Confederação Nacional da Indústria estima que a redução da jornada para o limite de 40 horas semanais, com manutenção dos salários, pode elevar de R$ 178,2 bilhões a R$ 267,2 bilhões por ano o custo com empregados formais na economia.

“O ponto mais sensível e principal é se o governo vai reduzir imposto para compensar setores mais atingidos. Esse é o ponto mais central e sensível. A Fazenda ainda não se posicionou sobre isso e, quando se vai à literatura, quase a totalidade dos países em que houve redução da jornada e mudança de escala teve redução de imposto, com o governo dividindo a conta. Então, esse será um ponto central para o destino da proposta”, disse.

Ele diz ainda que outro aspecto do debate é como vai se dar a implantação da escala em diversos setores produtivos. “Como cada setor tem uma dinâmica própria, há interesse de que isso seja considerado no debate”, afirmou.

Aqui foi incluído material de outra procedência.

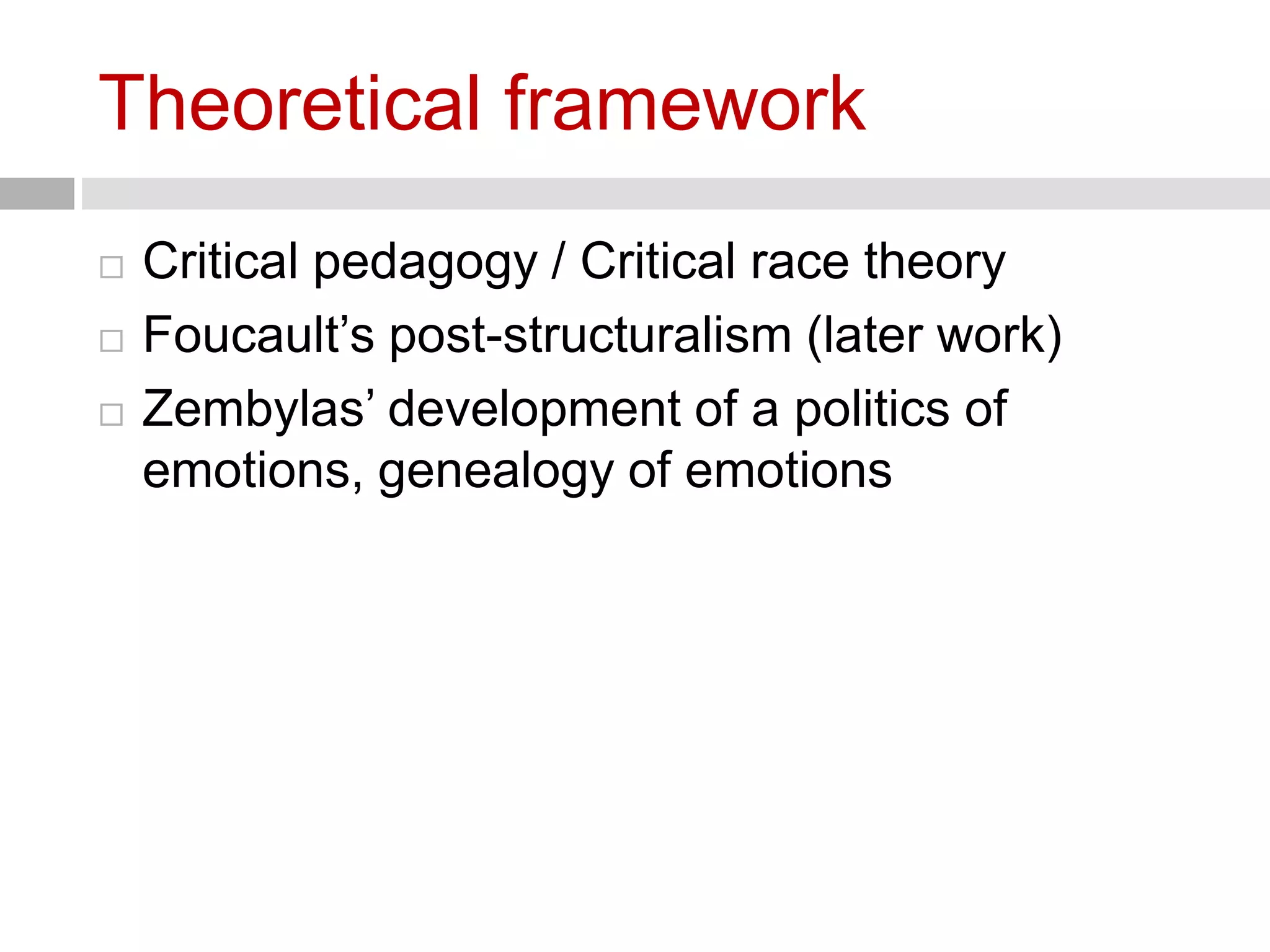 Theoretical framework 
 Critical pedagogy / Critical race theory 
 Foucault’s post-structuralism (later work) 
 Zembylas’ development of a politics of 
emotions, genealogy of emotions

Azi prevê que a PEC seja votada na CCJ em maio, tendo em vista o feriado de Tiradentes na semana que vem, que deve esvaziar o Congresso. Depois, ela seria remetida a uma comissão especial, que teria o prazo de dez sessões em trinta dias para aprofundar o mérito.

Ele aposta que o tema será mesmo tratado via PEC, e não PL. “O presidente Hugo Motta diz que vai seguir o rito que definiu inicialmente, e é o mais correto porque evita insegurança jurídica”, declarou

O presidente da Frente Parlamentar do Empreendedorismo, Joaquim Passarinho, também considera que o assunto avançará no Congresso, pois se trata de um tema popular, mas avalia que alterações são necessárias, como uma regra de transição e compensação tributária.

“A bomba está armada. Mas não posso votar com romantismo, achando que vai reduzir a carga de trabalho sem impacto nos custos e nos preços. O que defendemos é um desconto na folha de 10% ou 5%, a depender do número de funcionários da empresa”, afirmou.
Ele disse ainda que grande parte dos parlamentares apoia o teor da PEC do deputado Luís Gastão (PSD-CE), já apresentada na Comissão de Trabalho da Câmara. “A proposta dele é um caminho viável”, afirmou.

O texto foi apresentado em dezembro como resultado da Subcomissão Especial da Escala de Trabalho 6x1, da comissão que realizou quatro audiências públicas. O relatório foi elaborado a partir da PEC da deputada federal Erika Hilton (PSOL-SP).

Ele entende que a redução da jornada das atuais 44 horas para 36 horas seria hoje insustentável economicamente e sugere uma transição, ao longo de três anos, para 40 horas, retirando duas horas a partir do primeiro ano e uma hora por ano nos dois anos seguintes.

E incorpora a ideia da desoneração da folha: “A empresa cuja razão entre a folha de salários e o faturamento bruto seja igual ou maior que 0,3 (três décimos) será concedida redução gradual das alíquotas das contribuições (trabalhistas)”.